* [REQUIREMENT]:
Set each line of the data down exactly, please.

* [Records excerpted from a collection]:
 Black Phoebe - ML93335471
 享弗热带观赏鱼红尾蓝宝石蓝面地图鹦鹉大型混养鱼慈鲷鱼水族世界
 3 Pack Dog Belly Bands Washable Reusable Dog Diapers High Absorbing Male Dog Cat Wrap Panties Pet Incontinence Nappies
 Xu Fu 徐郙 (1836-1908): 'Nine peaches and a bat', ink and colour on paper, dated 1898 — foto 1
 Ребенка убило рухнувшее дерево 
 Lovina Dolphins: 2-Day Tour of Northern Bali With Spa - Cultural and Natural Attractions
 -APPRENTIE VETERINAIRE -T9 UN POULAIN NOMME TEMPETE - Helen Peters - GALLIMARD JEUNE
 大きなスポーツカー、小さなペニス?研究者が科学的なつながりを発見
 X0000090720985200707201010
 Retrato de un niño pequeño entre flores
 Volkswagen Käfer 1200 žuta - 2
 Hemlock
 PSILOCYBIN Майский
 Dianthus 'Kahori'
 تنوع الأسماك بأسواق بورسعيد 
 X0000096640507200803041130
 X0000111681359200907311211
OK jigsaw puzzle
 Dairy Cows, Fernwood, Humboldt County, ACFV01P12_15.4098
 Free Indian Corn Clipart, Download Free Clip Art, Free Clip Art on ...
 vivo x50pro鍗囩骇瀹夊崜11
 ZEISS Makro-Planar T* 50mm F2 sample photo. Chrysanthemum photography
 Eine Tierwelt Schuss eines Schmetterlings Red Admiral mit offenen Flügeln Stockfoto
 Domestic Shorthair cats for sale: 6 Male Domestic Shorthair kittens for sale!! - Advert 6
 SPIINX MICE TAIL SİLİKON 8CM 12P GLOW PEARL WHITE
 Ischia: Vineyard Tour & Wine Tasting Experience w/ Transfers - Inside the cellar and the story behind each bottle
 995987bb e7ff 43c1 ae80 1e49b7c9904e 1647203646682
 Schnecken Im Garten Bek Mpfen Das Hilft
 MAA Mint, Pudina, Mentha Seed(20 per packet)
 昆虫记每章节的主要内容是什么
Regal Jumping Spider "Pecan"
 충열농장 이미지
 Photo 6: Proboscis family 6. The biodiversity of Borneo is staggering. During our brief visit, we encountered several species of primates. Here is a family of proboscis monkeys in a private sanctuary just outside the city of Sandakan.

* [RESPONSE TO THE EXERCISE]:
 Black Phoebe - ML93335471
 享弗热带观赏鱼红尾蓝宝石蓝面地图鹦鹉大型混养鱼慈鲷鱼水族世界
 3 Pack Dog Belly Bands Washable Reusable Dog Diapers High Absorbing Male Dog Cat Wrap Panties Pet Incontinence Nappies
 Xu Fu 徐郙 (1836-1908): 'Nine peaches and a bat', ink and colour on paper, dated 1898 — foto 1
 Ребенка убило рухнувшее дерево 
 Lovina Dolphins: 2-Day Tour of Northern Bali With Spa - Cultural and Natural Attractions
 -APPRENTIE VETERINAIRE -T9 UN POULAIN NOMME TEMPETE - Helen Peters - GALLIMARD JEUNE
 大きなスポーツカー、小さなペニス?研究者が科学的なつながりを発見
 X0000090720985200707201010
 Retrato de un niño pequeño entre flores
 Volkswagen Käfer 1200 žuta - 2
 Hemlock
 PSILOCYBIN Майский
 Dianthus 'Kahori'
 تنوع الأسماك بأسواق بورسعيد 
 X0000096640507200803041130
 X0000111681359200907311211
OK jigsaw puzzle
 Dairy Cows, Fernwood, Humboldt County, ACFV01P12_15.4098
 Free Indian Corn Clipart, Download Free Clip Art, Free Clip Art on ...
 vivo x50pro鍗囩骇瀹夊崜11
 ZEISS Makro-Planar T* 50mm F2 sample photo. Chrysanthemum photography
 Eine Tierwelt Schuss eines Schmetterlings Red Admiral mit offenen Flügeln Stockfoto
 Domestic Shorthair cats for sale: 6 Male Domestic Shorthair kittens for sale!! - Advert 6
 SPIINX MICE TAIL SİLİKON 8CM 12P GLOW PEARL WHITE
 Ischia: Vineyard Tour & Wine Tasting Experience w/ Transfers - Inside the cellar and the story behind each bottle
 995987bb e7ff 43c1 ae80 1e49b7c9904e 1647203646682
 Schnecken Im Garten Bek Mpfen Das Hilft
 MAA Mint, Pudina, Mentha Seed(20 per packet)
 昆虫记每章节的主要内容是什么
Regal Jumping Spider "Pecan"
 충열농장 이미지
 Photo 6: Proboscis family 6. The biodiversity of Borneo is staggering. During our brief visit, we encountered several species of primates. Here is a family of proboscis monkeys in a private sanctuary just outside the city of Sandakan.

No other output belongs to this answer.